YOUR GOAL: Every record below, from first to last, should be copied exactly; leave the pictures out.

********************

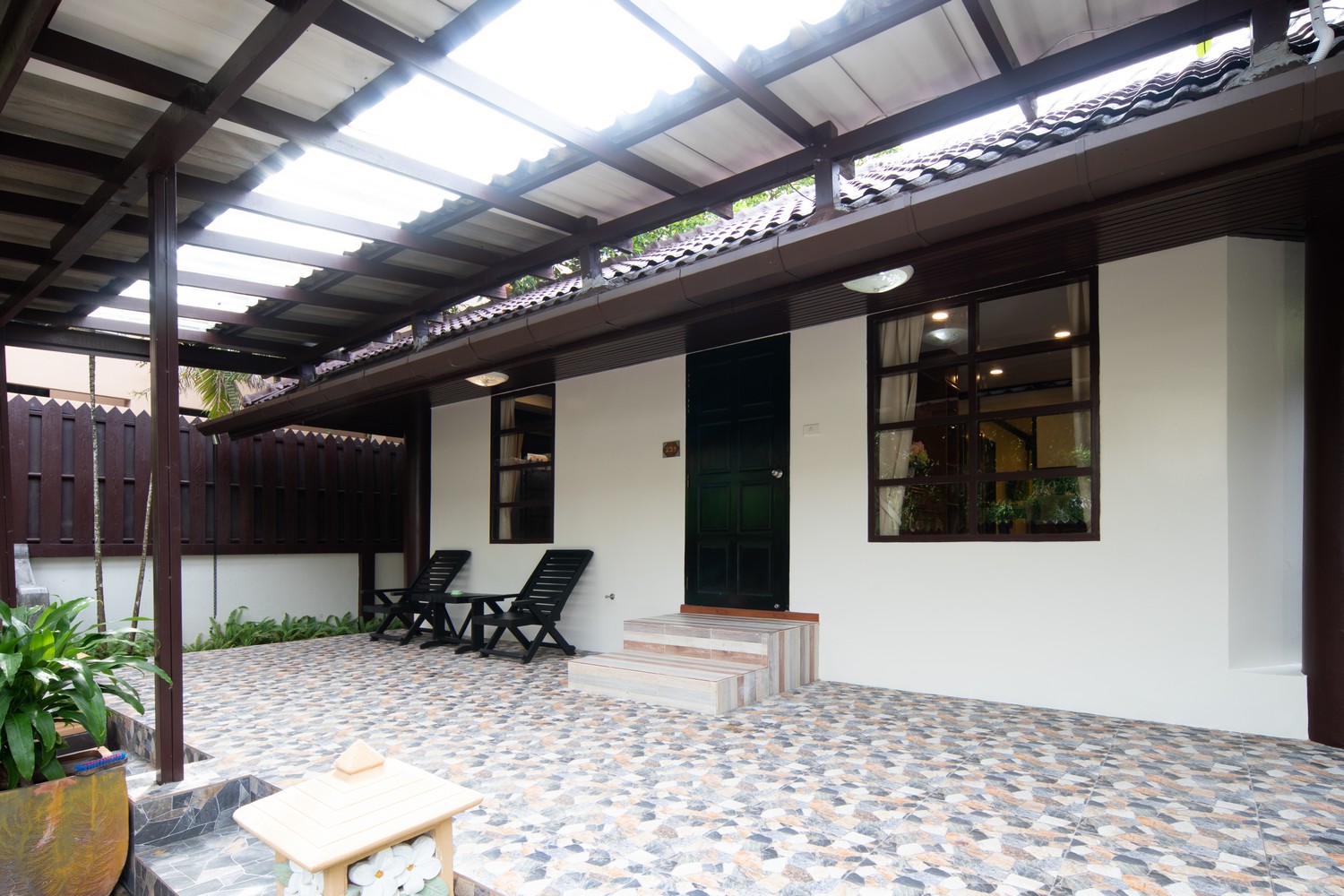 Family Room Two Bedrooms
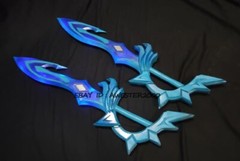 Genshin Impact Tartaglia 3.0 1/1 Scale Cosplay Wearable Custom Prop Model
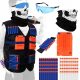  Weste-Set mit DexXer W025-Patronen, 105 Elemente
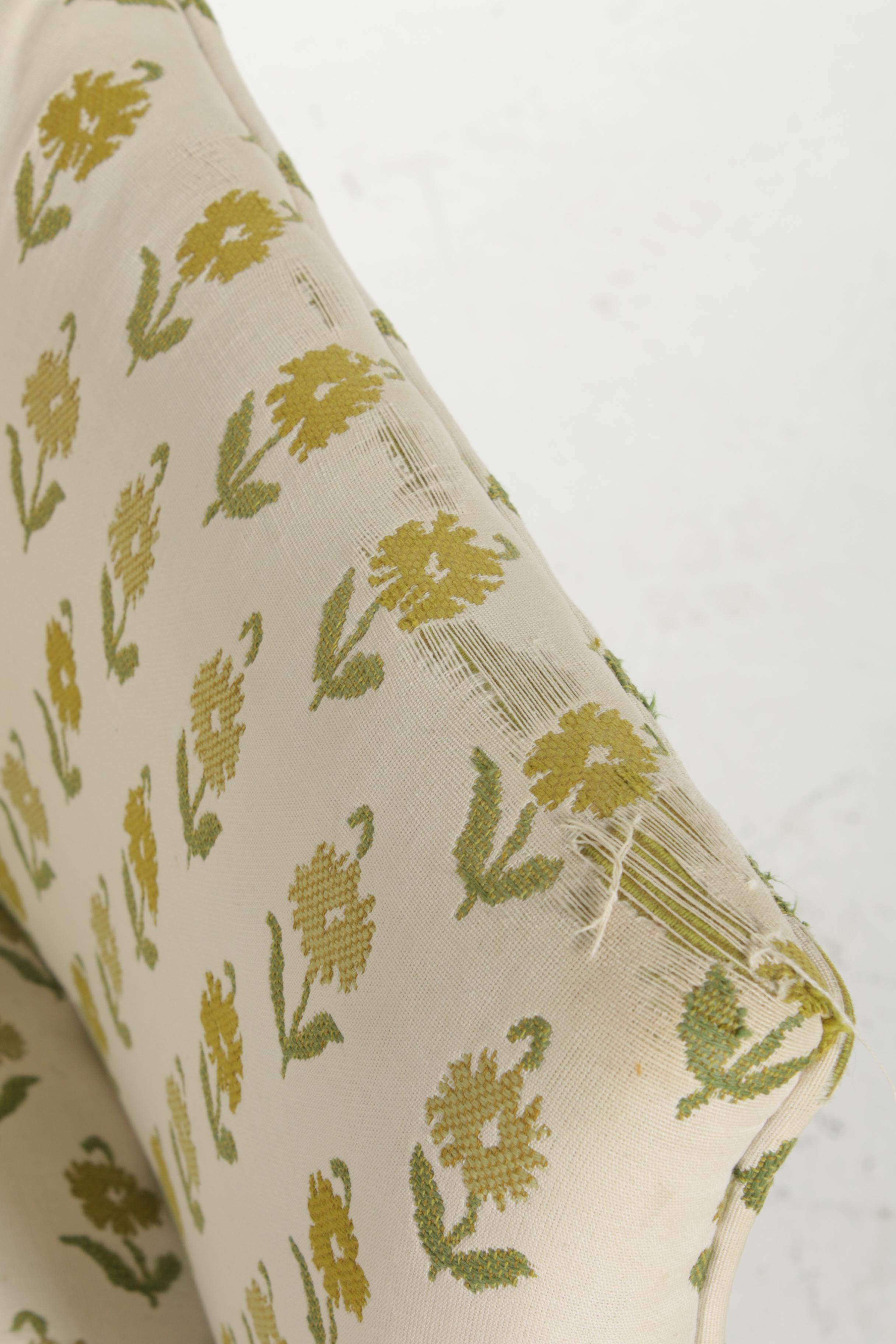 Sheraton Style Club Chair, Mid to Late 20th Century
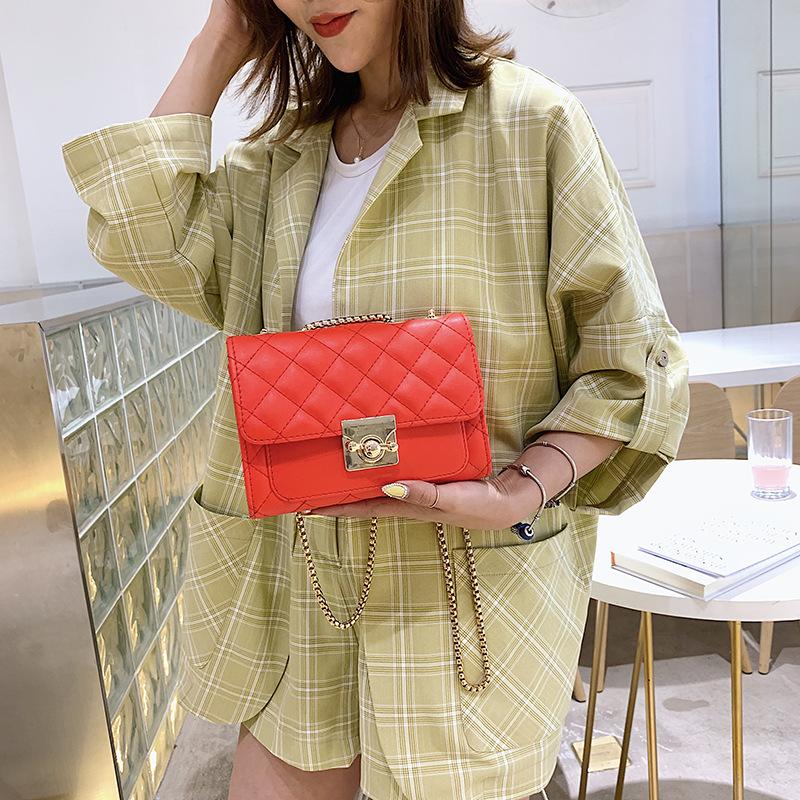 sloan lg chain shoulder bolsa black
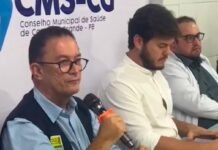 Carlos Dunga afirma que apesar da crise da saúde nunca faltaram insumos nos hospitais e na UPA e que dorme tranquilo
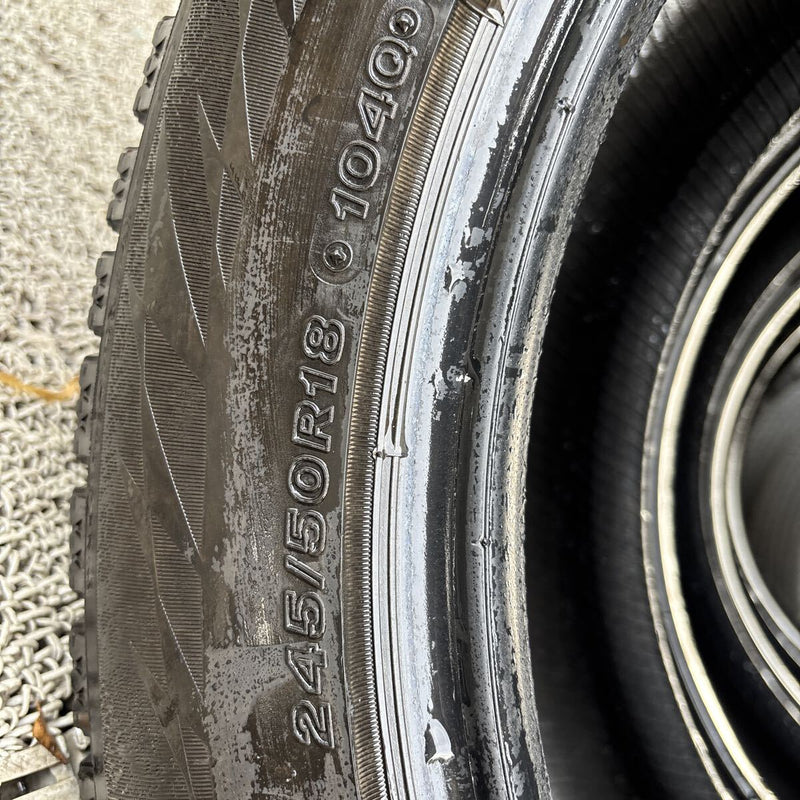 245/50R18 BRIDGESTONE VRX2 中古冬タイヤ 4本:26000円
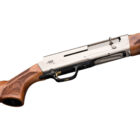 Browning A5 Upland 20ga 28in vent rib shotgun with walnut stock and nickel receiver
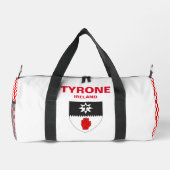 Tyrone Irland - Irisch Personalisiert Duffle Bag (Rückseite)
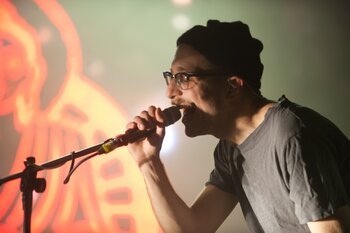 I Cani, le foto del concerto all'Alcatraz di Milano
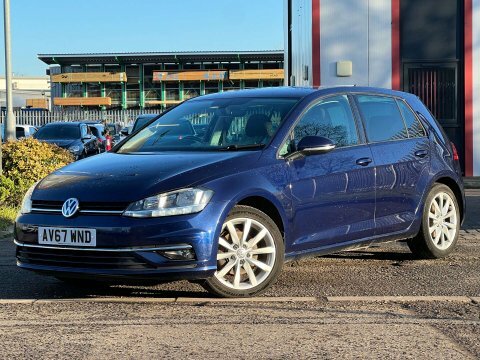 Volkswagen Golf 1.5 Tsi Evo AV67WND Blue #4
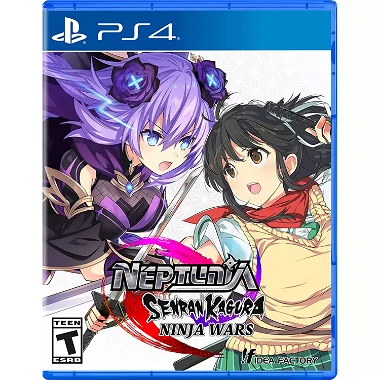 Neptunia x Senran Kagura: Ninja Wars PlayStation 4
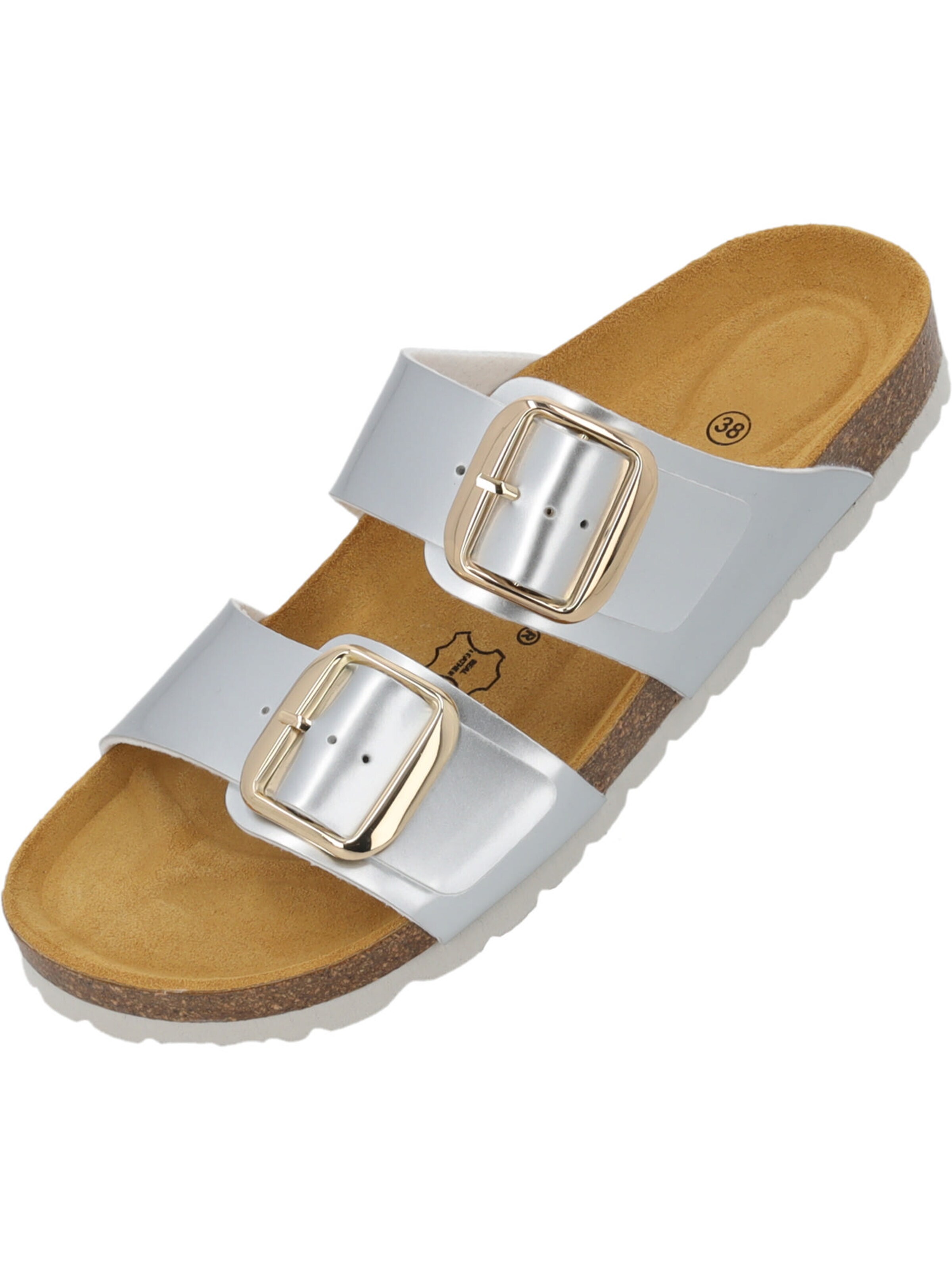 Palado Mules 'Palado Samos GS' in Silver: front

********************

RESULT OF THIS TASK:
 Family Room Two Bedrooms
 Genshin Impact Tartaglia 3.0 1/1 Scale Cosplay Wearable Custom Prop Model
  Weste-Set mit DexXer W025-Patronen, 105 Elemente
 Sheraton Style Club Chair, Mid to Late 20th Century
 sloan lg chain shoulder bolsa black
 Carlos Dunga afirma que apesar da crise da saúde nunca faltaram insumos nos hospitais e na UPA e que dorme tranquilo
 245/50R18 BRIDGESTONE VRX2 中古冬タイヤ 4本:26000円
 Browning A5 Upland 20ga 28in vent rib shotgun with walnut stock and nickel receiver
 Tyrone Irland - Irisch Personalisiert Duffle Bag (Rückseite)
 I Cani, le foto del concerto all'Alcatraz di Milano
 Volkswagen Golf 1.5 Tsi Evo AV67WND Blue #4
 Neptunia x Senran Kagura: Ninja Wars PlayStation 4
 Palado Mules 'Palado Samos GS' in Silver: front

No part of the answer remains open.